Hearing set on judge’s testimony
A visiting judge will conduct a hearing Friday on whether Washington County President Judge Debbie O’Dell Seneca should be required to testify in a suppression hearing for former Washington County judge Paul Pozonsky.
The May suppression hearing, which was left open because O’Dell Seneca could not attend, centered on the argument that anything taken from Pozonsky’s office during a May 2012 search should not be allowed as evidence in his upcoming trial on charges that he misappropriated cocaine evidence in his control.
Pozonsky’s defense attorneys, Robert Del Greco Jr. and Mark Fiorilli, claim that an administrative order written by O’Dell Seneca was treated like a search warrant when it shouldn’t have been.

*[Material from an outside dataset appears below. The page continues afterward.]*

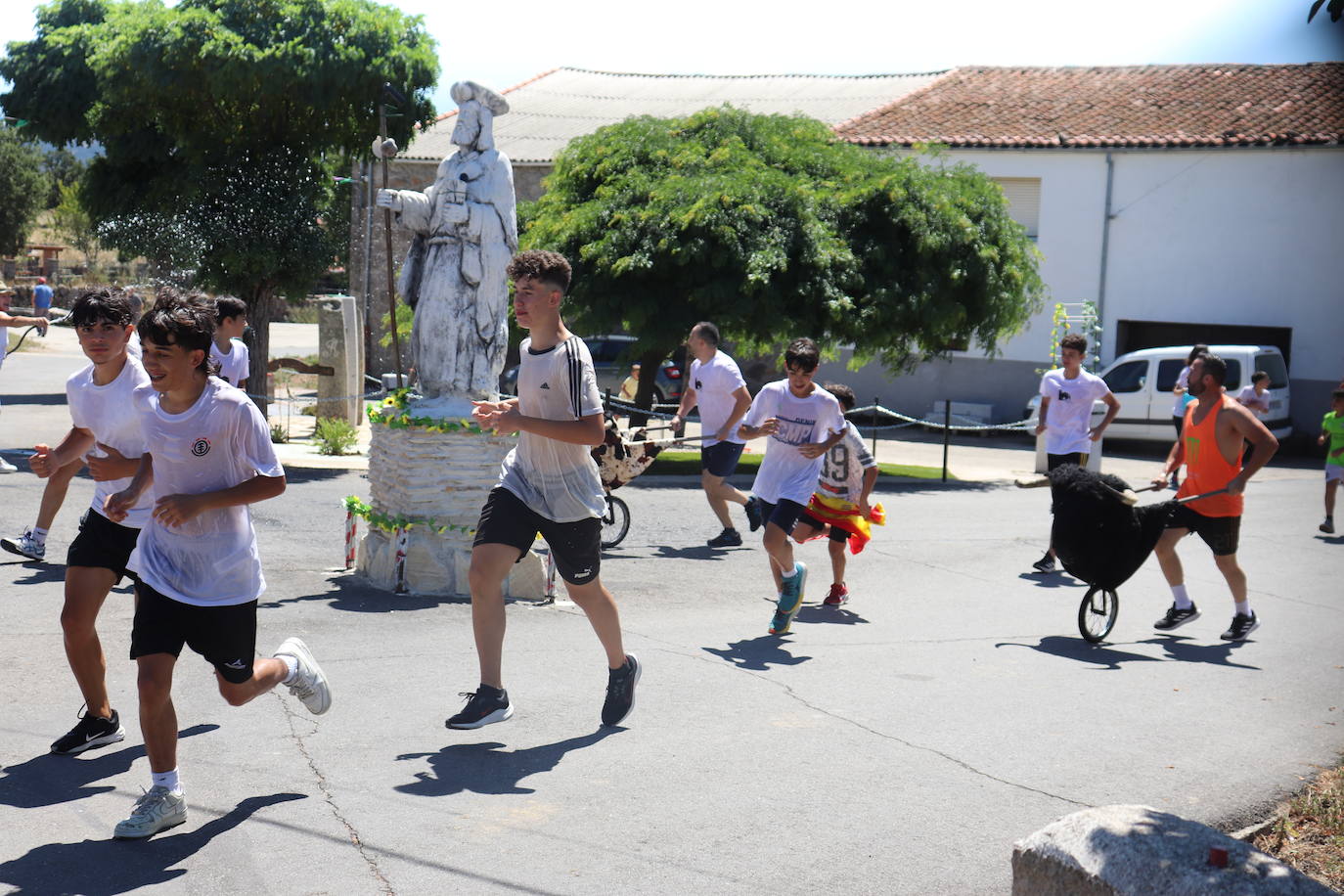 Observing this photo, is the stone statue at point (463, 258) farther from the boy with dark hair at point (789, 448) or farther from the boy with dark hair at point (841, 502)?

Two days after Pozonsky’s suppression hearing, O’Dell Seneca filed a motion to quash the subpoena ordering her to testify. In the same motion, she also requested an order protecting her from being subpoenaed again in the case.
Del Greco and Fiorilli claim O’Dell Seneca’s involvement spans the initial investigation of Pozonsky, according to their response to her motion to quash the subpoena.
The attorneys claim O’Dell Seneca was not presented with an affidavit of probable cause, and that there are no “statutes, local rules or other regulations regarding the search or audit of judicial chambers,” court documents show.
As a result, they claim that the president judge was not acting as part of an official proceeding when she issued the order. In her motion to quash the subpoena, the president judge argues “judicial officers are immune from testifying as to information surrounding their conduct during an official proceeding.” Therefore, she argues, the examination of a judge’s decision-making process is a “prohibited area of inquiry.”
Pozonsky’s attorneys argue that the president judge is “an appropriate witness for the suppression hearing.”
Pozonsky, 58, who is now living near Anchorage, Alaska, is accused of stealing cocaine evidence while presiding over several criminal cases. He was charged more than a year ago with conflict of interest, theft, obstruction of justice, possession of a controlled substance and misapplying entrusted government property.
Senior Bedford County Judge Daniel Lee Howsare, brought in to handle the case, will issue his decision on O’Dell Seneca’s motion after a hearing at 9:30 a.m. Friday in Washington County Courthouse.